The game offers solo play as well as local and online co-op. Controlling the two critters in solo mode is more intuitive than I anticipated. The game recommends controller play even on PC, but I used the keyboard controls without too much trouble. However, to get started, I had to change the default keyboard format (from ZQSD to WASD) in the game settings. For some reason, I also had to redo these settings every time I exited and restarted the game, which was tedious but not the end of the world.
Aside from the settings struggles, controlling two characters on one keyboard was surprisingly easy. One is controlled with the left hand using WASD, while the other is moved with the right hand using the arrow keys. Each character only has two additional action keys – one to run/jump and one to interact – using the V and B keys on the left hand and Enter and Alt on the right.

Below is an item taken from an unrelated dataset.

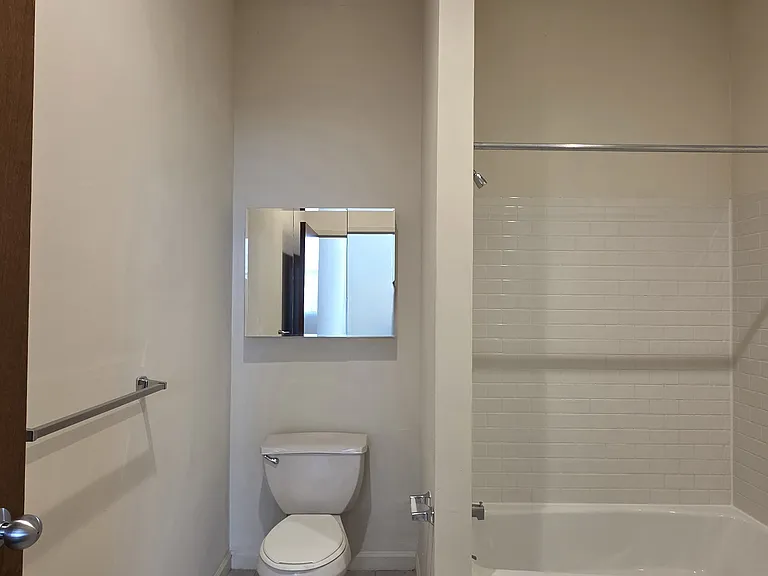 811-0 Filbert St #810 — Photo 16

This feels a bit like playing piano and takes a bit of getting used to, but you rarely have to move both characters at the same time. In most situations, you can maneuver one character into position and leave them waiting while you get the other one into place. One chapter has both characters sliding down a snowy hill simultaneously, but because there’s only one way to go, controlling them is easy enough.

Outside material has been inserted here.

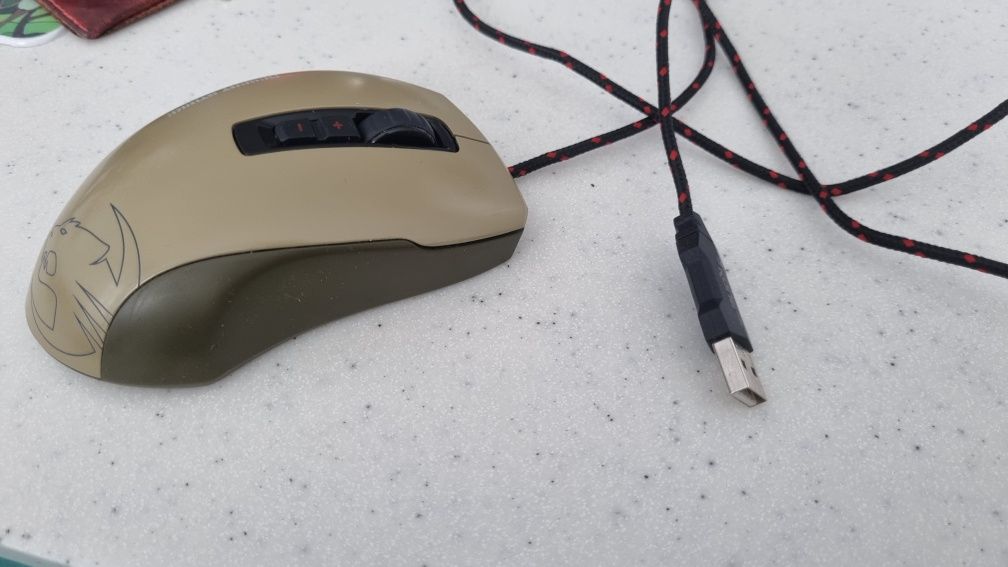 Mysz ROCCAT KONE PURE MILITARY Desert strike używka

The puzzles, on the other hand, can be surprisingly challenging. The cub and fawn have to manipulate their environment to get around. The solution is usually fairly obvious, like using a plank of wood as a seesaw to get up onto a higher platform. But sometimes, the snowy landscape can hide essential clues.

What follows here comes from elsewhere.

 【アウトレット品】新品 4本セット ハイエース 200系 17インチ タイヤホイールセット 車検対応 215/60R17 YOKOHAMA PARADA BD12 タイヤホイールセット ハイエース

I spent a decent bit of time running back and forth, looking for something – anything – to interact with. But there’s no way to fail the puzzles and no unhelpful objects lying around to distract you or throw you off the trail. I never spent more than about 15 minutes confused, though. The puzzles are just challenging enough to be fun but not so hard as to be frustrating.
There are no words or complicated graphics, but Blanc still manages to tell a story that tugged at my heartstrings from start to finish. The sound design likely has a lot to do with that, with soft, expressive piano music and adorable animal noises that forge an instant connection to the fawn and cub as they call out to each other across the landscape.
But this short-but-sweet story is profoundly emotional. Along the way to finding their families, the fawn and cub help other baby animals, including four adorab(ly irritating) little ducklings that keep getting tossed about by the wind. There are no tragedies in this story, but a couple of near-misses made me gasp out loud. And the heartwarming ending had me crying happy tears.
In just under four hours, Blanc stirred me in ways no game has before, and it managed to do it without a single word of dialogue. What I thought was going to be an adorable cooperative puzzle game was an unforgettable emotional experience. This magical little indie game is truly one of a kind, and I’m so glad I got to play it.
Reviewer: Juniper Finch | Awards: Editor’s Choice | Copy provided by Publisher.
- Cooperative puzzles for solo, local co-op, and online play are just challenging enough.
- Simple, uncomplicated controls make for intuitive gameplay.
- Incredible sound design conveys a delightfully emotional story.
- Beautiful hand-drawn graphics are cozy and relaxing.
- Keyboard/controller settings require some fiddling.
- Snowy landscape can make it hard to tell where to go next.